Actor Robert Blake, arrested Thursday in the killing of his wife, has made a career out of playing violent characters.

Although he's best known as the tough-talking TV cop Baretta, Blake's breakthrough performance was as real-life killer Perry Smith in the 1967 film adaptation of writer Truman Capote's In Cold Blood.

Smith was hanged along with an accomplice for the murders of a wealthy Kansas farmer and his family during a 1959 robbery.

Blake's next film was Tell Them Willie Boy Is Here, a Western in which he played an American Indian who kills his girlfriend's father and goes on the run. Robert Redford co-starred as the sheriff hunting him.

Even in the Biblical drama The Greatest Story Ever Told, which chronicled the life of Jesus, Blake portrayed the radical apostle Simon, once known as "the Zealot" for supporting violence against Rome.

He also played a vigilante priest in the short-lived TV series Hell Town in 1985, then faded from the spotlight during eight years of semi-retirement.

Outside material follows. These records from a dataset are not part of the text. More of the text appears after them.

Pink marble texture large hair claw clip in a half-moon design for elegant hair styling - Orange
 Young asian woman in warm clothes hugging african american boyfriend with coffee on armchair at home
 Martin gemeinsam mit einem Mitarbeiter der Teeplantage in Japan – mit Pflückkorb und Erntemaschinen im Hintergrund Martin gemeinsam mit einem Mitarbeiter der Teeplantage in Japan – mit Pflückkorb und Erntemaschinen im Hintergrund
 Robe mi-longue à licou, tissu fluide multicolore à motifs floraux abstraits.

Blake made a comeback in 1993 as the star of the television movie Judgment Day: The John List Story, a true story about a soft-spoken, church-going man who murders his wife and their three children.

As a child, Blake — credited as Bobby Blake — appeared in dozens of films as Mickey in the Our Gang comic shorts of the 1930s and '40s then as Little Beaver in the Red Ryder Westerns.

He played the little Mexican boy selling lottery tickets to Humphrey Bogart in 1948's The Treasure of the Sierra Madre and had numerous other bit parts until his little boy cuteness faded and his tough-guy persona emerged.

He was born Michael Gubitosi in Nutley, N.J., to parents he called "committably insane."

"My father was a sadistic, madman alcoholic who killed himself when he was 40-some years old," he said. "My mother was equally bad, if not worse, because she saw what was happening and did nothing about it."

He admitted committing petty crimes in his younger years and often struggled with alcohol and drug addiction.

His greatest success came as a hard-edged detective on the 1975-1978 series Baretta. Unlike many of Blake's characters, Baretta had a clear view of right and wrong.

"I told you, man, nobody kills nobody. That's the rules. I don't know no other way," the detective declared as he busted a killer in one episode of the drama.